▸ **Instructions for the task**:
Once the pictures are set aside, reproduce the remaining data exactly.

▸ **Data excerpt**:
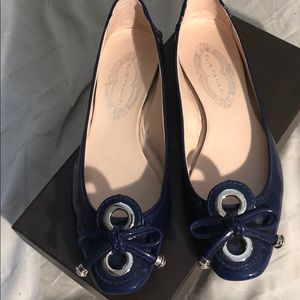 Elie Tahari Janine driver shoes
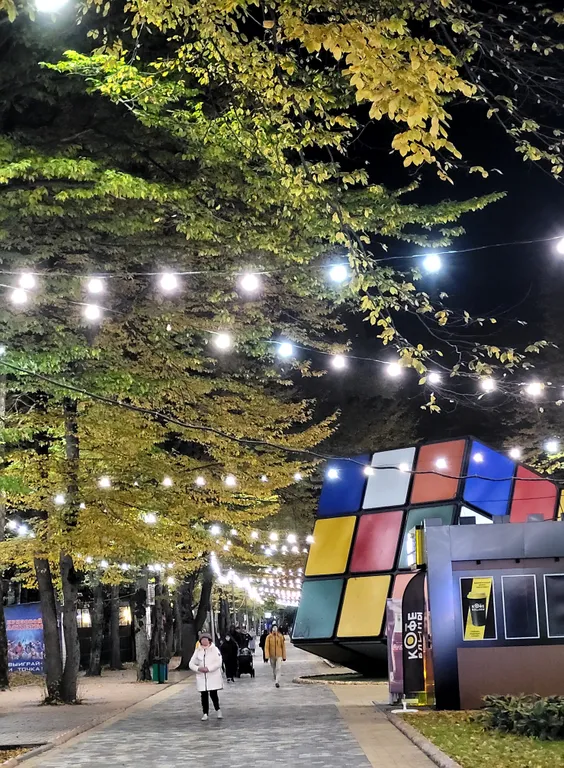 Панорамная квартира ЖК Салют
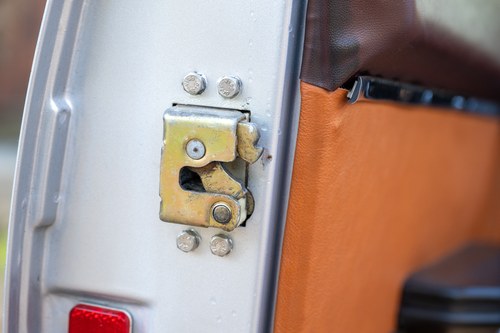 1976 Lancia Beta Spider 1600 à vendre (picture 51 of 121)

▸ **Task output**:
 Elie Tahari Janine driver shoes
 Панорамная квартира ЖК Салют
 1976 Lancia Beta Spider 1600 à vendre (picture 51 of 121)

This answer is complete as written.